● DATA TO EXAMINE
*** Begin section ***

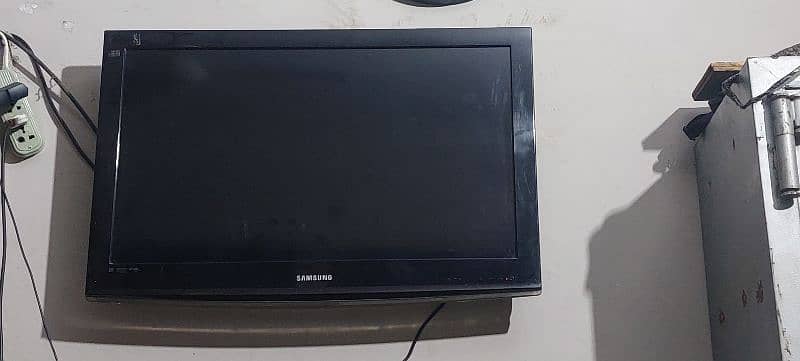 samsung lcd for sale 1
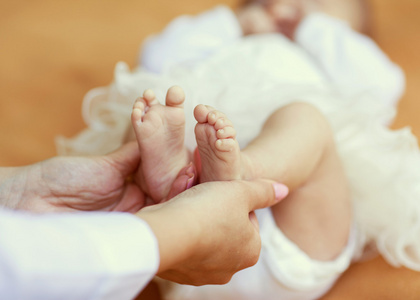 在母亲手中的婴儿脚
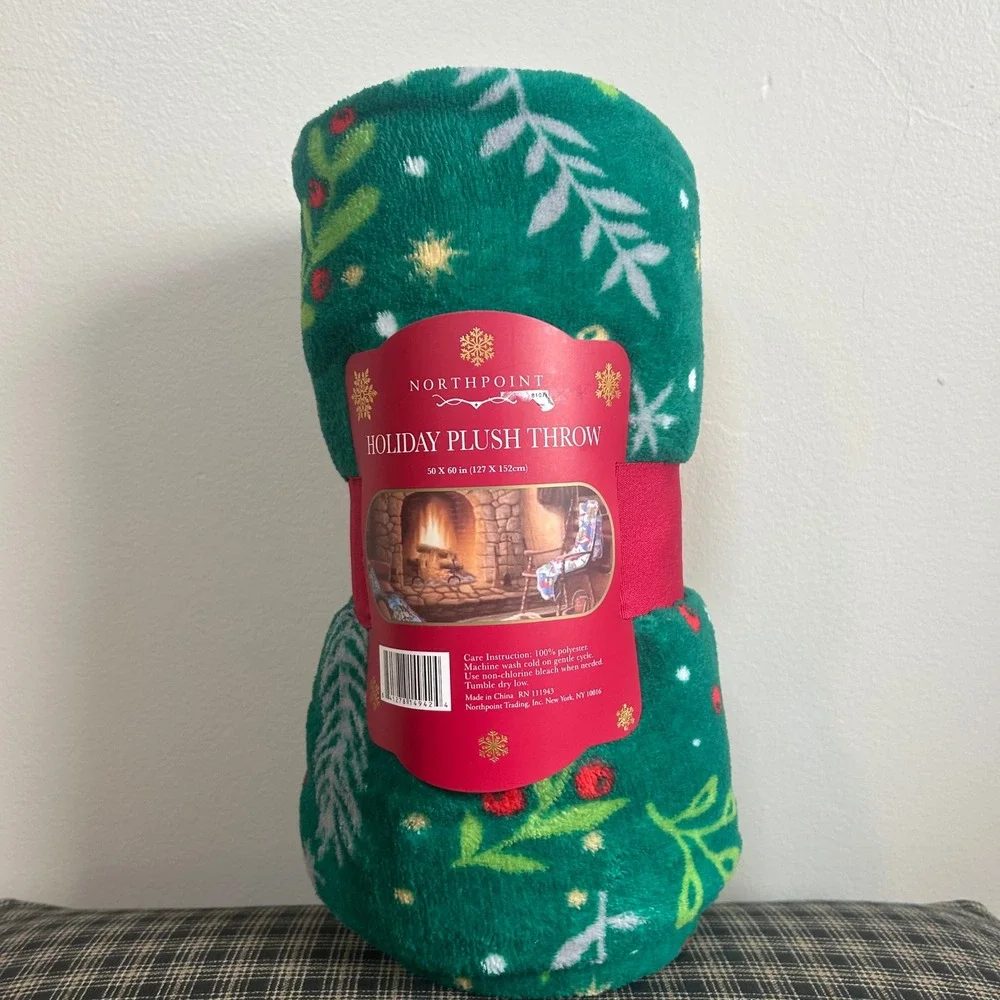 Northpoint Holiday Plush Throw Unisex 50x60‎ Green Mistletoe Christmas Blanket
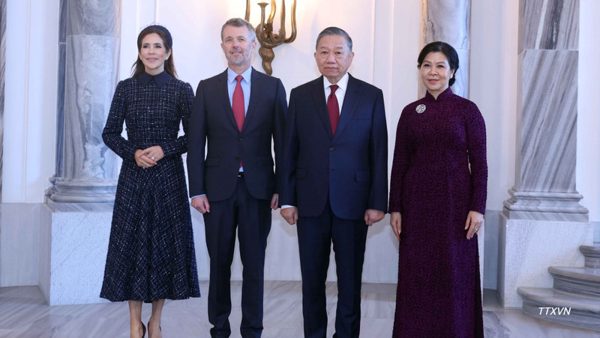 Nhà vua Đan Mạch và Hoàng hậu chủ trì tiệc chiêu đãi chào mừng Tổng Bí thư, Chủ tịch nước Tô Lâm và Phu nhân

*** End section ***
*** Begin section ***

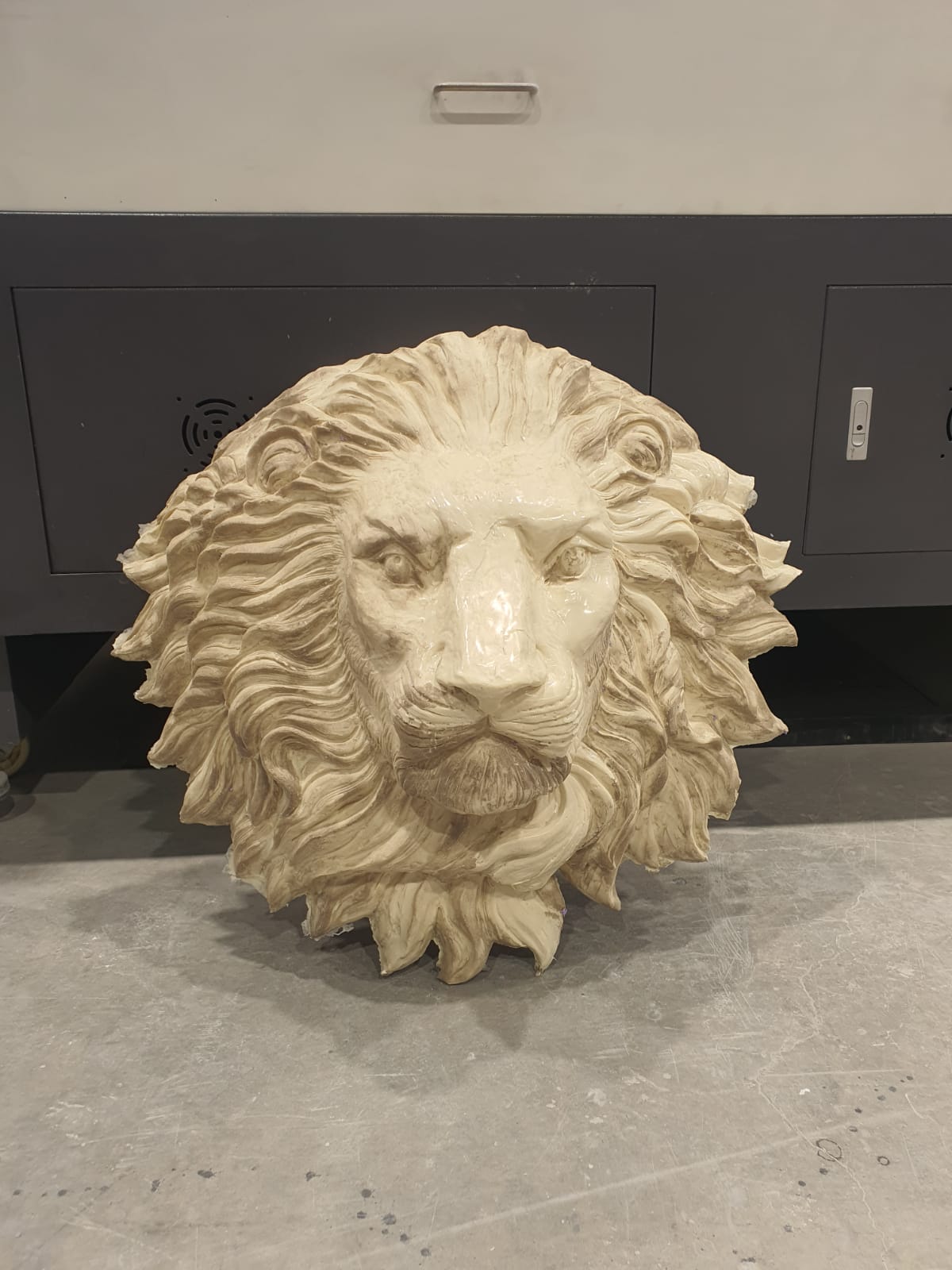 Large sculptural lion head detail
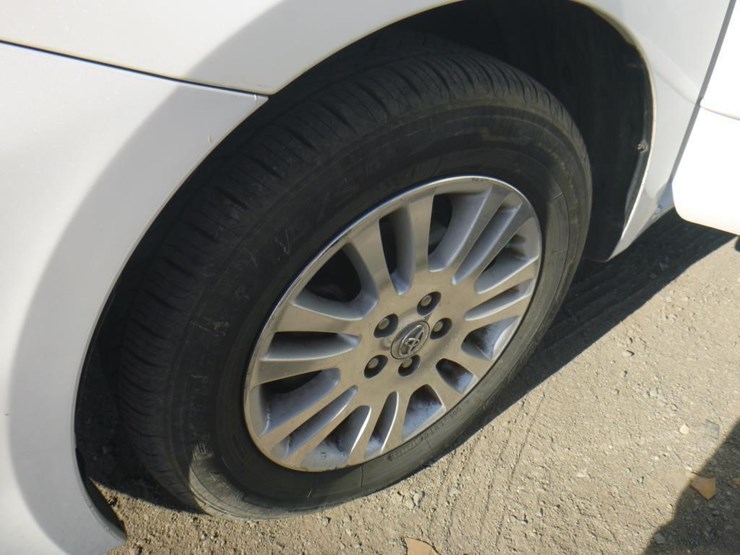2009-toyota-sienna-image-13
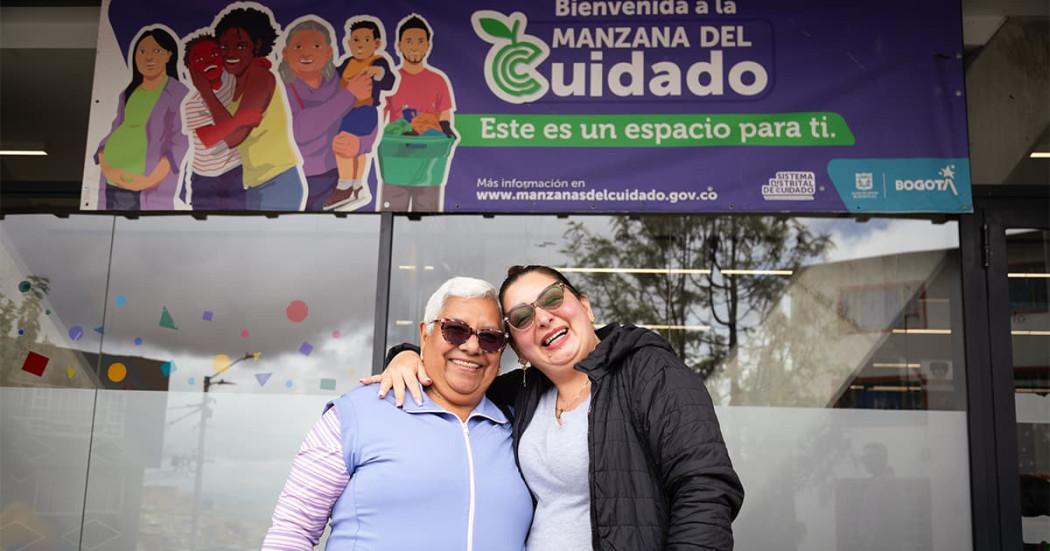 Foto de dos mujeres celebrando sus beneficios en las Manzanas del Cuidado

*** End section ***

● WHAT IS REQUIRED
Extract from the material above the stretch running from the line containing "samsung lcd for sale 1" through the line containing "Nhà vua Đan". Keep the text exact and the pictures out.

● TASK SOLUTION
 samsung lcd for sale 1
 在母亲手中的婴儿脚
 Northpoint Holiday Plush Throw Unisex 50x60‎ Green Mistletoe Christmas Blanket
 Nhà vua Đan Mạch và Hoàng hậu chủ trì tiệc chiêu đãi chào mừng Tổng Bí thư, Chủ tịch nước Tô Lâm và Phu nhân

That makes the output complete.